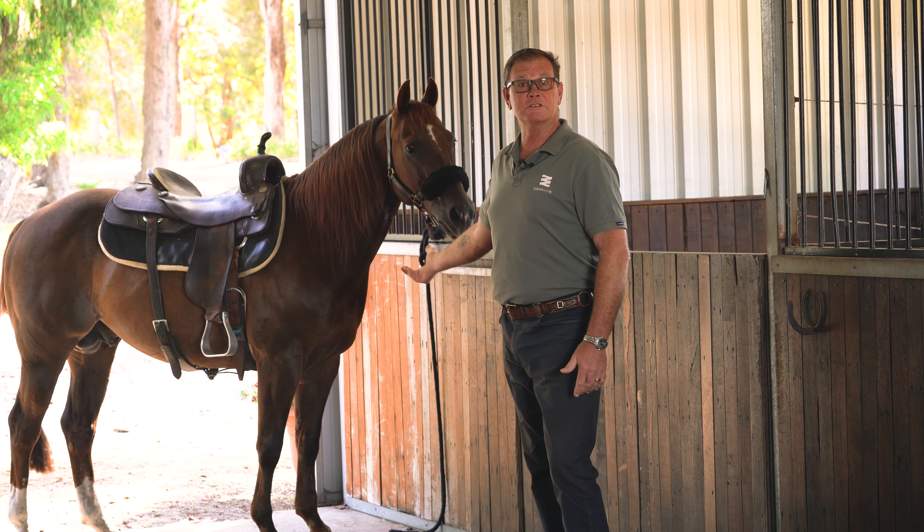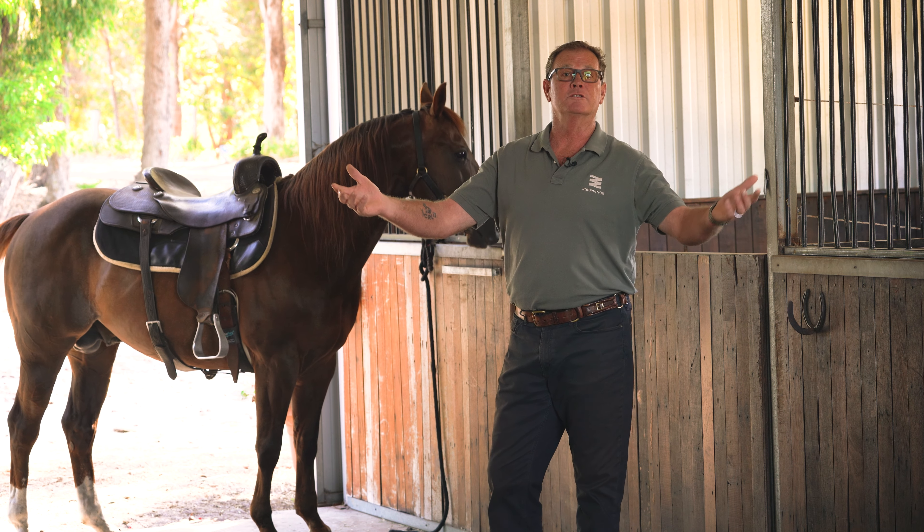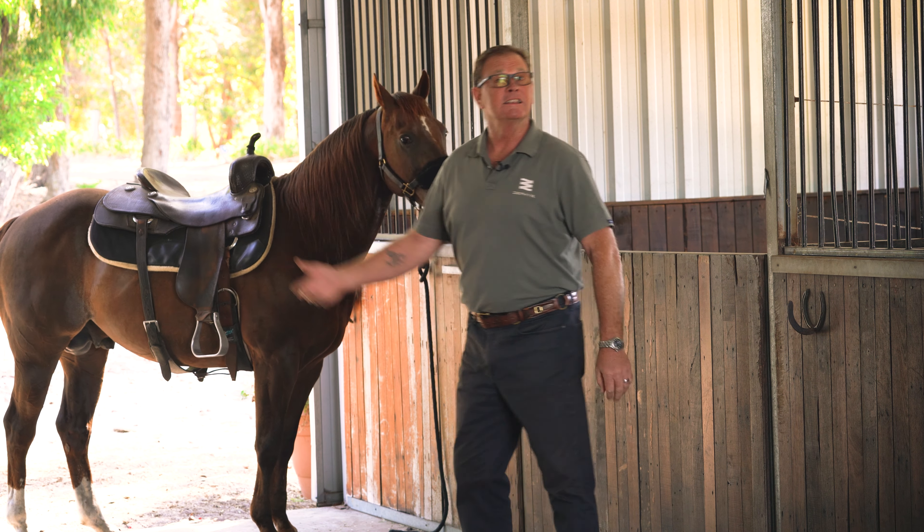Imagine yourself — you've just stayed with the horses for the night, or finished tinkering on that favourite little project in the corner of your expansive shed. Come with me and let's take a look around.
########
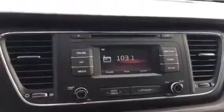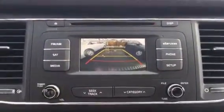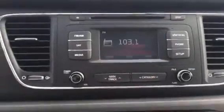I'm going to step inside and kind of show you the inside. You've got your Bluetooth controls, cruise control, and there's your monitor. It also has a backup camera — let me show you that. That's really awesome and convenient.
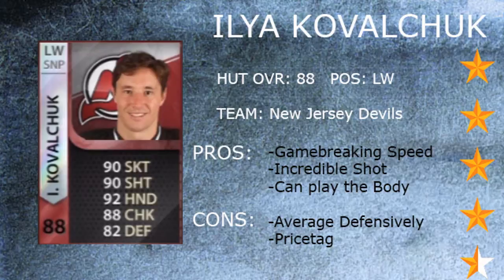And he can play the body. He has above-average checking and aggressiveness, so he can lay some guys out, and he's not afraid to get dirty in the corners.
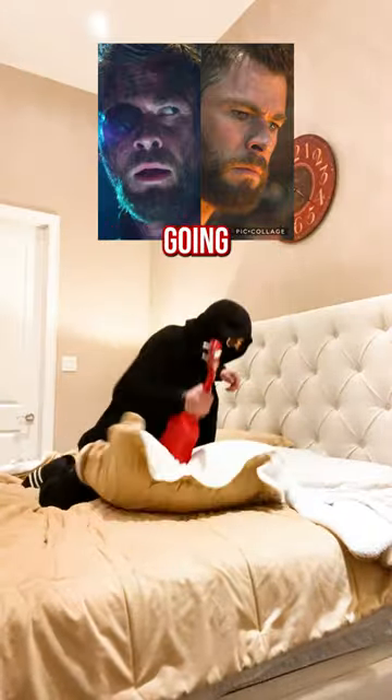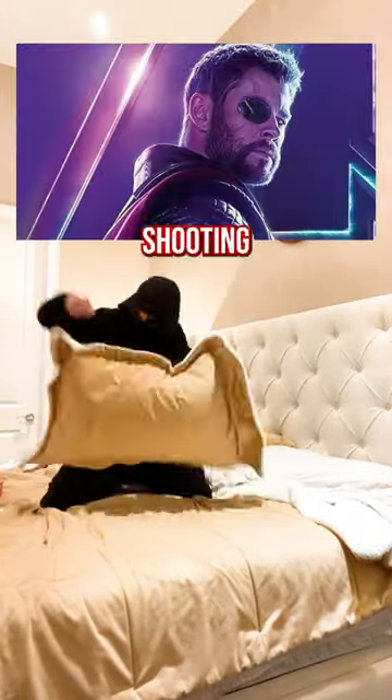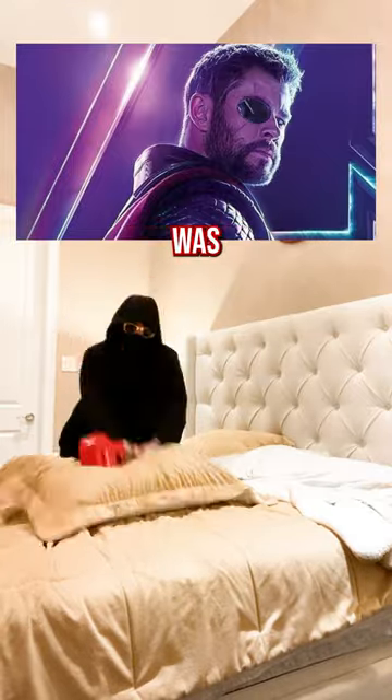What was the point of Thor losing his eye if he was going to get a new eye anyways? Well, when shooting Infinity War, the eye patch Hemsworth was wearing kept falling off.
########
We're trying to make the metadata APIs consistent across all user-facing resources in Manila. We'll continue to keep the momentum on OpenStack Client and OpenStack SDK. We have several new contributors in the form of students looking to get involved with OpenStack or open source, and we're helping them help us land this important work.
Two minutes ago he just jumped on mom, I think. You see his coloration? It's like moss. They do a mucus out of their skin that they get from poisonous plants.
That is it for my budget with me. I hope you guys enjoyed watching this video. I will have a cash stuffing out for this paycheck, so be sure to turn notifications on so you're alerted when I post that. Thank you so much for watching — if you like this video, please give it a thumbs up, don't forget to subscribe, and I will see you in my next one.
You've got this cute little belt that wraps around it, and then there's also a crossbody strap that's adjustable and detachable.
########
What you are asked to do: If a line in the entries contains the word "this", copy that line out.

Problem solution:
We're trying to make the metadata APIs consistent across all user-facing resources in Manila. We'll continue to keep the momentum on OpenStack Client and OpenStack SDK. We have several new contributors in the form of students looking to get involved with OpenStack or open source, and we're helping them help us land this important work.
That is it for my budget with me. I hope you guys enjoyed watching this video. I will have a cash stuffing out for this paycheck, so be sure to turn notifications on so you're alerted when I post that. Thank you so much for watching — if you like this video, please give it a thumbs up, don't forget to subscribe, and I will see you in my next one.
You've got this cute little belt that wraps around it, and then there's also a crossbody strap that's adjustable and detachable.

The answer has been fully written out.